Washington, DC–(ENEWSPF)–December 16, 2011. Despite an overall downward trend in transportation fatalities in the United States, estimates for 2010 released by the National Transportation Safety Board (NTSB) today reveal a rise in several categories, including motorcycles, medium and heavy trucks, buses, rail and pipeline. The deadly natural gas pipeline accident in San Bruno, California, that killed eight people and was investigated by the NTSB, contributed to the rise in pipeline fatalities.
“Though the NTSB continues to advocate for changes to address human factors, equipment, and infrastructure improvements to prevent crashes, we continue to see far too many deaths each year,” said NTSB Chairman Deborah A.P. Hersman.
The data indicate that overall transportation fatalities decreased to 34,925 in 2010 from 35,994 in 2009.
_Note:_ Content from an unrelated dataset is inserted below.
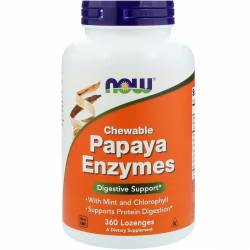 Пищеварительные Ферменты Папаи, Papaya Enzymes, Now Foods, 360 леденцов / NF2972.30573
The total number of fatalities on U.S. roadways dropped by about 1,000 (33,883 to 32,885) with the majority of vehicle-related deaths involving passenger cars and light trucks and vans. Motorcyle-related deaths saw the largest increase (4,469 to 4,502), but deaths also rose for occupants in medium and heavy trucks (499 to 529) and buses (26 to 44).
Rail fatalities increased from 742 to 813, with the majority at grade crossings, though deaths on light, heavy and commuter rail rose from 229 to 253.
The recreational boating segment of the marine industry saw 672 deaths in 2010 compared to 736 in 2009. Other marine categories, including cargo transport (16 to 14), commercial fishing (49 to 30), and commercial passenger vessels (13 to 17), saw smaller changes.
The majority of aviation deaths occurred in the general aviation category (450), down from 478 in 2009. While fatalities in commercial aviation (52 to 2) and foreign/unregistered (4 to 3) dropped, air taxi deaths (17) remained the same.
Pipeline fatalities increased by 9 (13 to 22) across both categories – gas pipelines and liquid pipeline operations.
Aviation statistics are compiled by the NTSB. Marine numbers are provided by the Department of Homeland Security and numbers for all other modes by the Department of Transportation.